Exercise description → Leaving out pictures, output exactly the lines below from the one that has "Real Hard Carbon" through the one that has "Sherpa Comforter Double-Sided", and nothing else.

Dataset content →
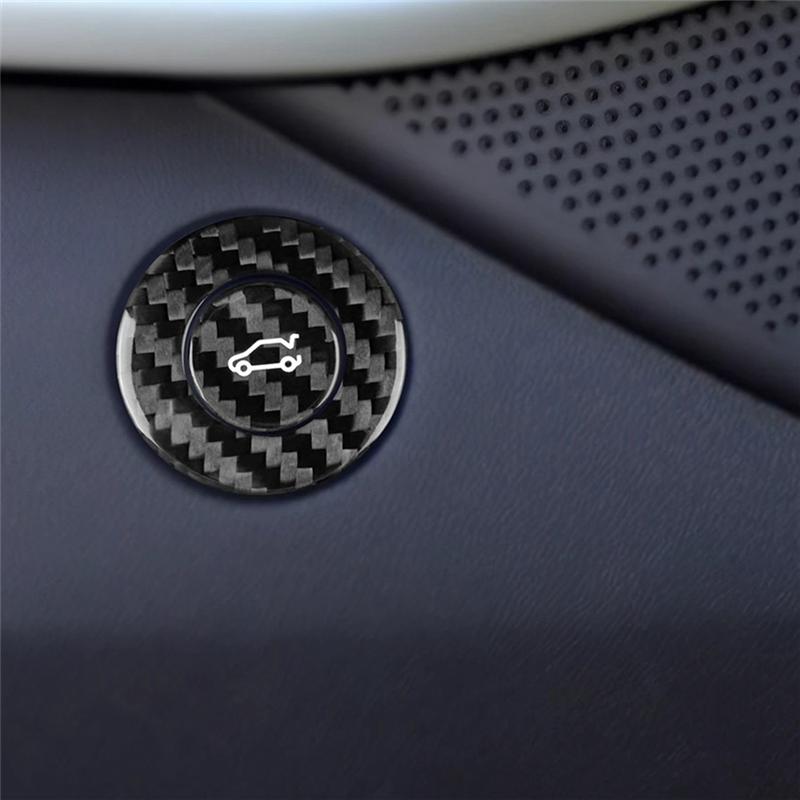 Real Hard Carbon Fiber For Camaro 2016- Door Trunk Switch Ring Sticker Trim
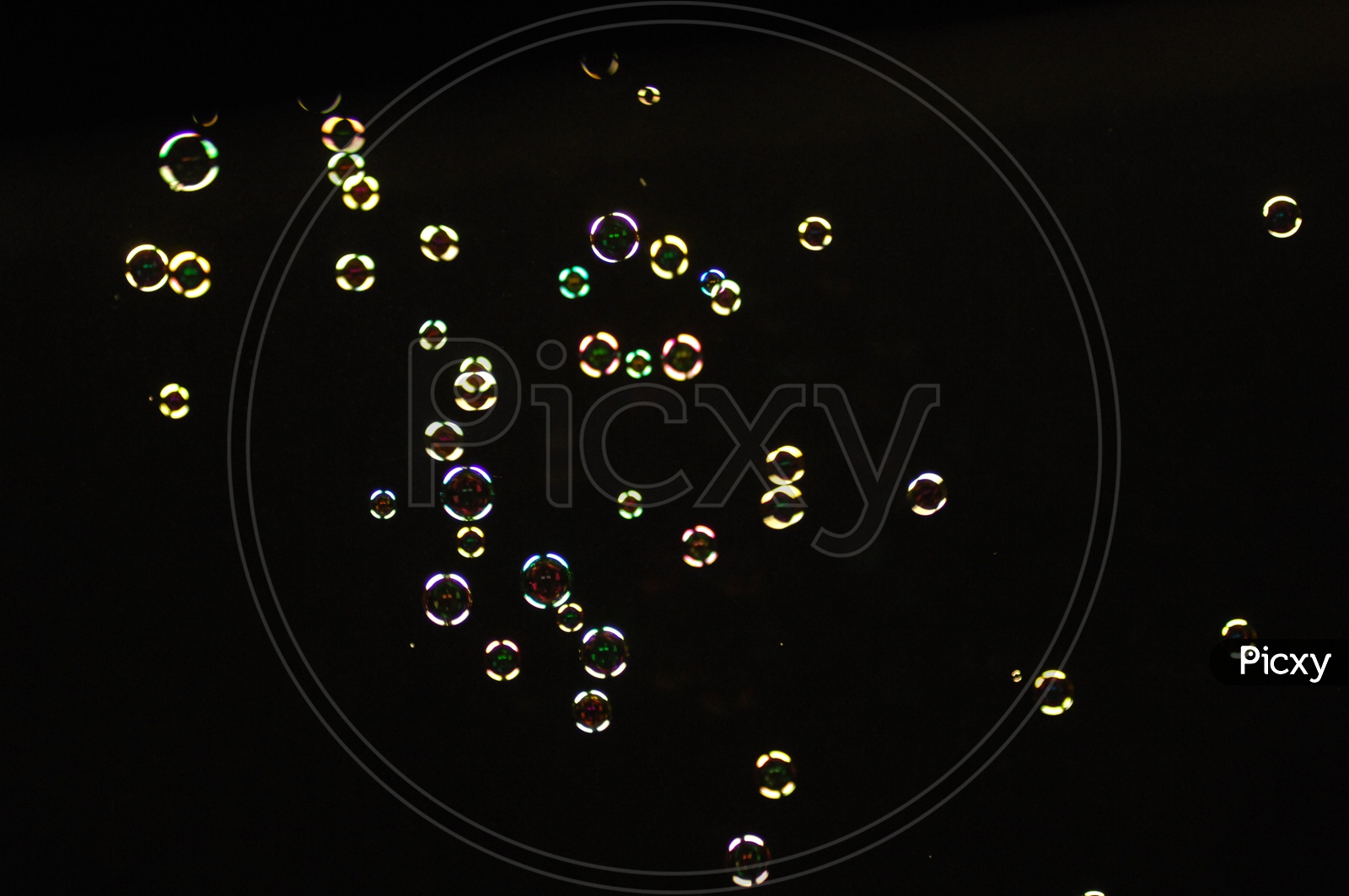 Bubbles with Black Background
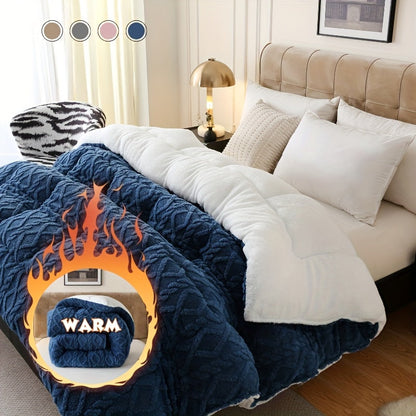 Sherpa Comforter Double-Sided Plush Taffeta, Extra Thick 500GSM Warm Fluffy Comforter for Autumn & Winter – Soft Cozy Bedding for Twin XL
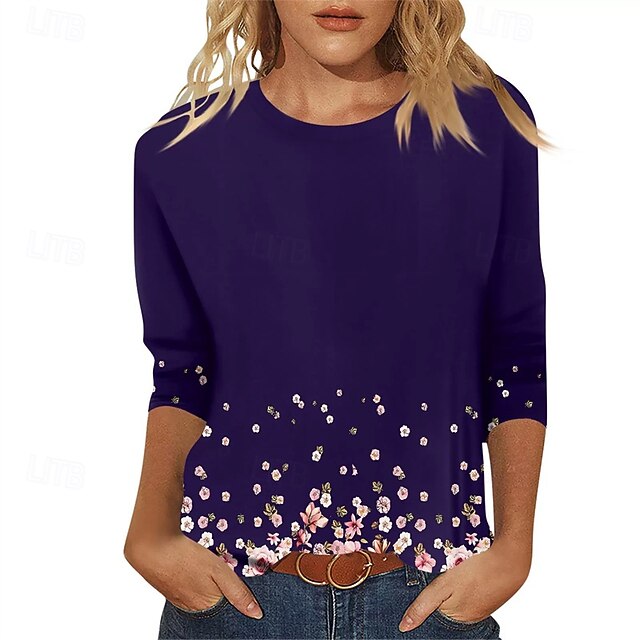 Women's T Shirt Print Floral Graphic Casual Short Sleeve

==

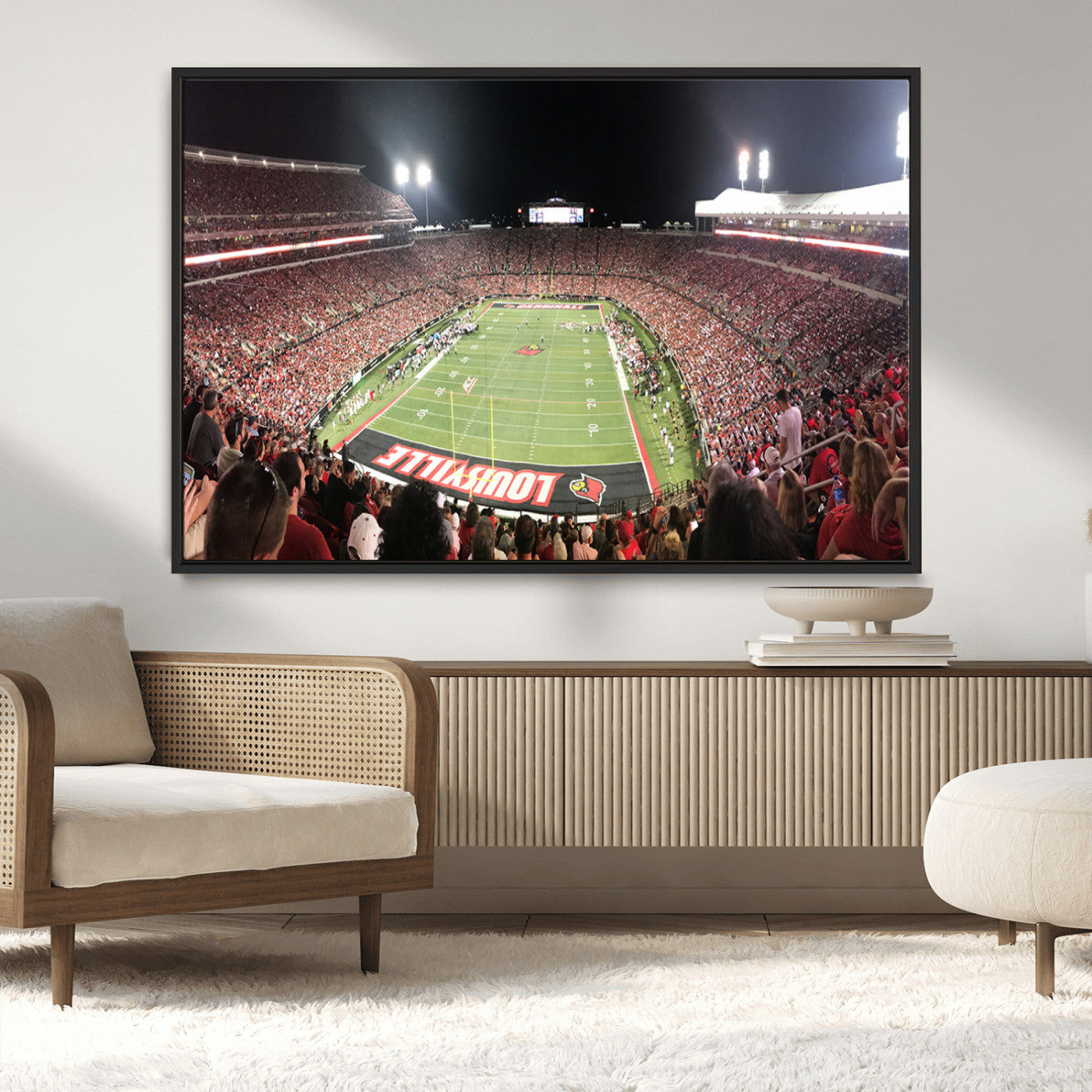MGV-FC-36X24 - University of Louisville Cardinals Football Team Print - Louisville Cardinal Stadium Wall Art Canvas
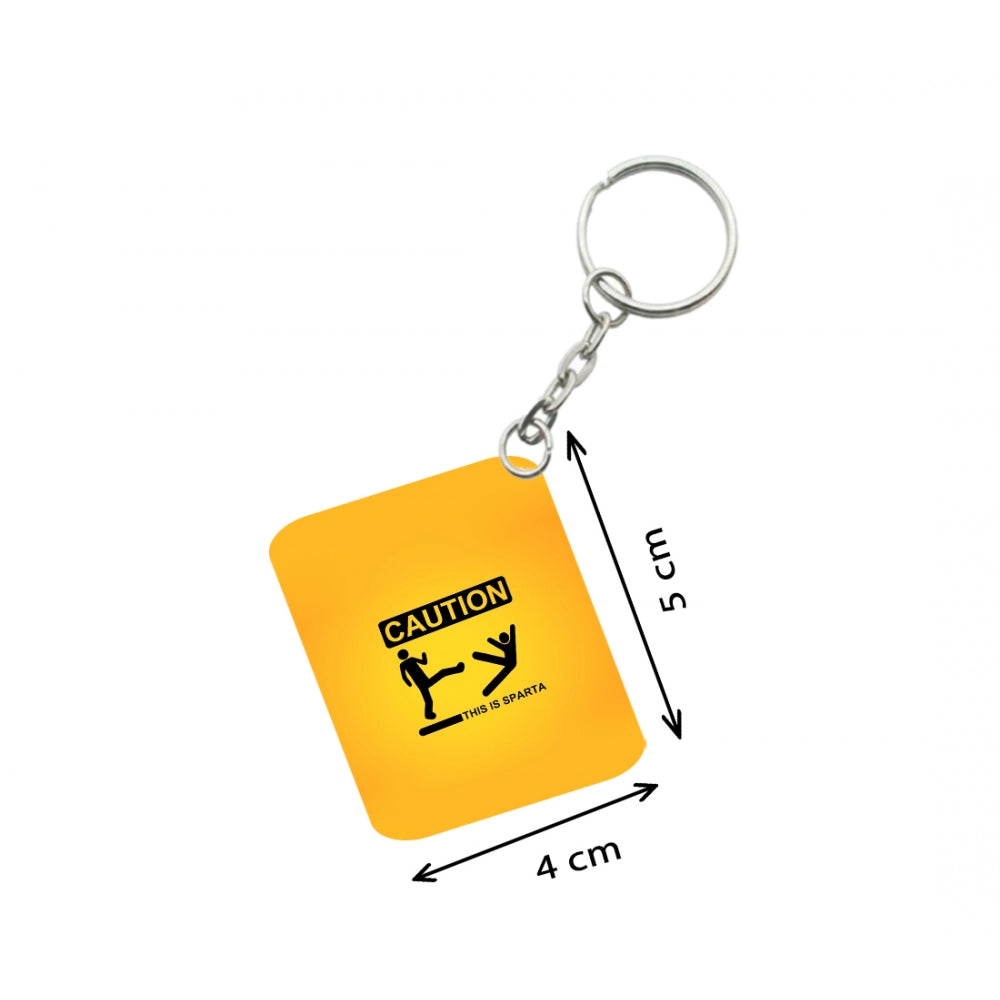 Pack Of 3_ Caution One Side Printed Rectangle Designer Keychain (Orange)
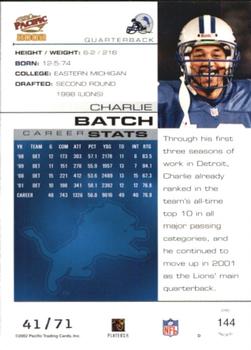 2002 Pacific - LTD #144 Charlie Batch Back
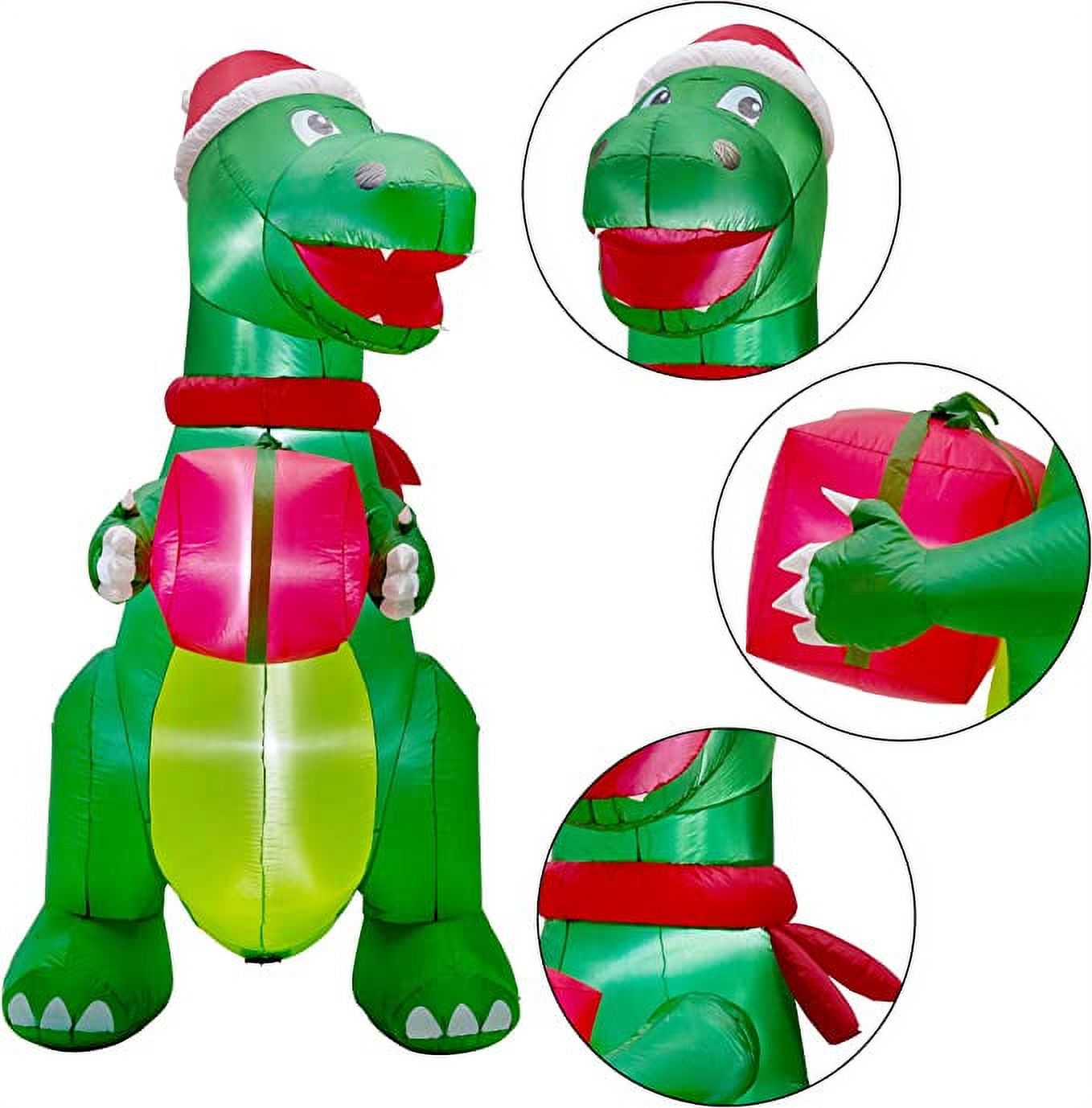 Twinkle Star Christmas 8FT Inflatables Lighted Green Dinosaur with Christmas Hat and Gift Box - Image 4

Solution →
 Real Hard Carbon Fiber For Camaro 2016- Door Trunk Switch Ring Sticker Trim
 Bubbles with Black Background
 Sherpa Comforter Double-Sided Plush Taffeta, Extra Thick 500GSM Warm Fluffy Comforter for Autumn & Winter – Soft Cozy Bedding for Twin XL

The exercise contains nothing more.